|Snow White, Professional Witch.
||[Feb. 3rd, 2010|01:57 pm]
|||||crown me king- that mickle dweomer||]|
I am now zoned out. Snap! Listen to that sky crackle, the sound of dead air & bleeding firmament. I came into work & immediately kicked the crap out of a load of boxes, but now the urge had lifted. The train ride this morning was annoying; on the plus side, Jenny came with me to Dekalb, but on the minus side, the lady next to be was a jerk/idiot/idiotjerk/jerkidiot. First fact: I am a subway warrior. You want to sprawl out on the train? Put your bag on the seat? Congratulations! I'm going to sit next to you. You win!

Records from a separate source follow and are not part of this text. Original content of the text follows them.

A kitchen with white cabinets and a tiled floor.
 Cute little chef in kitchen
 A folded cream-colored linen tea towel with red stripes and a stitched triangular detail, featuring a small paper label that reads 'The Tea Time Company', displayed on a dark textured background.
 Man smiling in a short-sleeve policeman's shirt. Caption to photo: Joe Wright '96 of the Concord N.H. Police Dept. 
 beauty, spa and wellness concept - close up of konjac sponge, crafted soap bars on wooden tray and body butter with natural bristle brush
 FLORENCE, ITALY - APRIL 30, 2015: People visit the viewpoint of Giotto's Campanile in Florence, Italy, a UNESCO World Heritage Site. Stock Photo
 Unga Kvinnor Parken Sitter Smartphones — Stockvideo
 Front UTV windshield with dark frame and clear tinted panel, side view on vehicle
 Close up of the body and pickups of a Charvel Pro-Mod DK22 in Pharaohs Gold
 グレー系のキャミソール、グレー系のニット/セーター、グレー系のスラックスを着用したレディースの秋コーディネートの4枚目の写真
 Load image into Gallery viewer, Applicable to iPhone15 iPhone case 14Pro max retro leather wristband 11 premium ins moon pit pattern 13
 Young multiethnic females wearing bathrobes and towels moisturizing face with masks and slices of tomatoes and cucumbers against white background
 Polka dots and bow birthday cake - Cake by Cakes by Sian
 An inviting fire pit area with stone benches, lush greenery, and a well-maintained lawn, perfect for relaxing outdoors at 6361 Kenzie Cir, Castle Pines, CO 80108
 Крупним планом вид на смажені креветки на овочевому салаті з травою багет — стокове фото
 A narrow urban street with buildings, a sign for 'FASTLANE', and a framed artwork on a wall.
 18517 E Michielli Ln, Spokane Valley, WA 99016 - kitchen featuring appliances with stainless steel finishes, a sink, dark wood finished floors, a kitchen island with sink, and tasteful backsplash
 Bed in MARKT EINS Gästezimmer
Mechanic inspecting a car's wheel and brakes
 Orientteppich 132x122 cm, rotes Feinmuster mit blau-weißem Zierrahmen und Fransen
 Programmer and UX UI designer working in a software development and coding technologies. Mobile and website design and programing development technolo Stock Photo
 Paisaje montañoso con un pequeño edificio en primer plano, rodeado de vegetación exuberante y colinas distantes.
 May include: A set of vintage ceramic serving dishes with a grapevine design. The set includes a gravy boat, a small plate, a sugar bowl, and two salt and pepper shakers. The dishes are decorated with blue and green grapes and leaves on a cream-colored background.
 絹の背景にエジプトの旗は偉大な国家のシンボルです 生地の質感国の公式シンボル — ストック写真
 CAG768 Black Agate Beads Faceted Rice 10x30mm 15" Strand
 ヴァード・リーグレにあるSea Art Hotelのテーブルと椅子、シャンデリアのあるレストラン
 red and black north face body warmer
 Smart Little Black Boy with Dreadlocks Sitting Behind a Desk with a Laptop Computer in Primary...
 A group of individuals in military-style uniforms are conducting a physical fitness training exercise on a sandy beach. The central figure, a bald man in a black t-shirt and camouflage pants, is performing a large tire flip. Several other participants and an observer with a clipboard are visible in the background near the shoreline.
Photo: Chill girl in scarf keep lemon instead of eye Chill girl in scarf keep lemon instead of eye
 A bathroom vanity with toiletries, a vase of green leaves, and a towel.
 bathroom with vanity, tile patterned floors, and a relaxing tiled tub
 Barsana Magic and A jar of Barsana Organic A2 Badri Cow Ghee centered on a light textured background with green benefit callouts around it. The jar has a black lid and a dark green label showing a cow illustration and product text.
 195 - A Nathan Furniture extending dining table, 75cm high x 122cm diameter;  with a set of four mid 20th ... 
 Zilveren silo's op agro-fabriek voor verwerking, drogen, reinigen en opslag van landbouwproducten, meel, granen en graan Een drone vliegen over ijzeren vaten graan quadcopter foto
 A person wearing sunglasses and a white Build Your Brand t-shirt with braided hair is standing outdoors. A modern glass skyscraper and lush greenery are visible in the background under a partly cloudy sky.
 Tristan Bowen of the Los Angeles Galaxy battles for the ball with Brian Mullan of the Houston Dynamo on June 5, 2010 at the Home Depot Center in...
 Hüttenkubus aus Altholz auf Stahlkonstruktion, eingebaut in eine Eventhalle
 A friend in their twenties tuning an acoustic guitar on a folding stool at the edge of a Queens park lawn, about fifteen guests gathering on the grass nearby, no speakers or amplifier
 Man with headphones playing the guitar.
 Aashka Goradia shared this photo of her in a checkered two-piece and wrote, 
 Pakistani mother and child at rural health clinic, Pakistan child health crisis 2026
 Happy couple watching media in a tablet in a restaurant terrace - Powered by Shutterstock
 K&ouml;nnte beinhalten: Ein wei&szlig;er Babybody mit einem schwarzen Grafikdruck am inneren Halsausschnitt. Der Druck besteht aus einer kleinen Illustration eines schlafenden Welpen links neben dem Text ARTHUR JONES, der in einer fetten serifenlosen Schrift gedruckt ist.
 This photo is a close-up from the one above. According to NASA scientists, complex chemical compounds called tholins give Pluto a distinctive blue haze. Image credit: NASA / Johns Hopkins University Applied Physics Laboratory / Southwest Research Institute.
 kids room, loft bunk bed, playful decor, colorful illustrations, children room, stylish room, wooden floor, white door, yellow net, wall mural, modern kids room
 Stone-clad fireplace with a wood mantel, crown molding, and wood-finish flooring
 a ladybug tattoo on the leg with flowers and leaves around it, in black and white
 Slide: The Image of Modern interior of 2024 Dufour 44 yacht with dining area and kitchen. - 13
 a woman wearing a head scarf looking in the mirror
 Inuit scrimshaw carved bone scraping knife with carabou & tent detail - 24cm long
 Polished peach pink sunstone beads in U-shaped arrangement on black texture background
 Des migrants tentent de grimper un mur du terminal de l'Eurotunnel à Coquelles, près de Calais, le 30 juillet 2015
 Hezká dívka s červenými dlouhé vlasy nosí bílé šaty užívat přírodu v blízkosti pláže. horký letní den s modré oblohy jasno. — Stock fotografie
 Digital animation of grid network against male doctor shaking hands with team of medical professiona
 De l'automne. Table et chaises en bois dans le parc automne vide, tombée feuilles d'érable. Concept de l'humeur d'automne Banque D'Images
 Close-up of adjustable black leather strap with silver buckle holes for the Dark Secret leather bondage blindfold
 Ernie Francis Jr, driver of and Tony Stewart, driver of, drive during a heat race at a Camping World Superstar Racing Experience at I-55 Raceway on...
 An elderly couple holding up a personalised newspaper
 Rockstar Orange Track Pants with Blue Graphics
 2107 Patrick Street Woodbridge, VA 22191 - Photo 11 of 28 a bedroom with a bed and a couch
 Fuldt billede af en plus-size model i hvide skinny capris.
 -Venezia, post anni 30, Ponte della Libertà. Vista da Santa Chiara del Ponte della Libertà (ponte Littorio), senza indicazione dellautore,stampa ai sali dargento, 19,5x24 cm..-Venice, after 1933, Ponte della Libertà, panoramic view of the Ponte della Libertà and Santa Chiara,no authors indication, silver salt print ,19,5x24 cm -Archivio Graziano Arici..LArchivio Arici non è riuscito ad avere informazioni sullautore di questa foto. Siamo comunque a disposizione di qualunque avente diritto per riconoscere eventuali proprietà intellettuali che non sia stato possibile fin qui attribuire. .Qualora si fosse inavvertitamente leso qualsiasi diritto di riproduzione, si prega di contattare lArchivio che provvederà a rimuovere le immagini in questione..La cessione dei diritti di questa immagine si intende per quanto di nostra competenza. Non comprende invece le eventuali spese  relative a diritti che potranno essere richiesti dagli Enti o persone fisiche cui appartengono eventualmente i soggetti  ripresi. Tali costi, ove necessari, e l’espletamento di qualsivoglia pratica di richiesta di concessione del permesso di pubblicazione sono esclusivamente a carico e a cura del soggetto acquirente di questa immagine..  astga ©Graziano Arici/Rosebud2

I'm not talking on empty trains; I'm talking the foolish souls who hunker their meat in two people's worth of space on a crowded subway car. Ta da, you've just attracted my passive-aggressive vigilantism! So the lady I sat next to today was all fighting back with rude elbows & forced coughing. You terrible person! I wanted her to try to litter or something so I could scold her. Yes! I scorn the litterbug, I say to them "sir, you dropped your lottery tickets!" or whatever. Take your garbage, scow!
Last night I went to the gym for the first time since getting sick, & it was fine. No weakness; I am grown strong again! So that is good. I'm kind of considering going tonight, too. Anyhow, I had a nice little work out-- Groundhog Day was on-- & then picked up some groceries & came home. On the walk, I had a nice little chat with Brooklyn, or as I like to call her personified genius, Een Draght Mackt Maght. Civilization! I like to give myself to it. I can't really consider the existence of other people, but I can think about the Other & the Hive. I choose the Hive, lets all be one. I'll invest in the things around me. I'll dissolve & mingle. We can all share Mordicai. Got home, showered, & Jenny cooked up some kind of tasty supper-- finely chopped up stuff with chicken thigh on top. I drank a banana bread beer & we watched some television. We decided to forgo Lost for the moment, so I'm dodging spoilers; there was nothing to do then except watch politics.
Or politics commentary & editorial & parody-- your Rachel Maddow, your Daily Show, your Colbert Report. I was almost convinced that the Progressives were going to successfully turn the Conservative rhetoric against them! The President speaking at the Republican Retreat for instance, or dogging them for dropping out of the bill they co-sponsored. To me, that seems the easy way to go; they've made such a paper tiger out of the President (who I'm not really a fan of) by painting him as Black Commie Hitler that it shouldn't be too hard to knot a noose with all the rope they've given. Which, like, the Planned Parenthood response to the Tebow Anti-Choice ad. I feel like the Pro-Choice movement needs to understand that they won the language war. See, the Anti-Choice people tried to be cute & co-opt the language of Pro-Choice. "Choose life!" they say. Sarah Palin talks about considering an abortion when she found out her embryo would have Down's Syndrome, but she too chose life. What both sides seem to be missing is that the language is set: choice. They keep saying choice, talking about making choices. The Pro-Choice movement needs to capitalize on that, before the current SCOTUS betrays everyone again. Like that time they pretended like corporations are people. Bastards.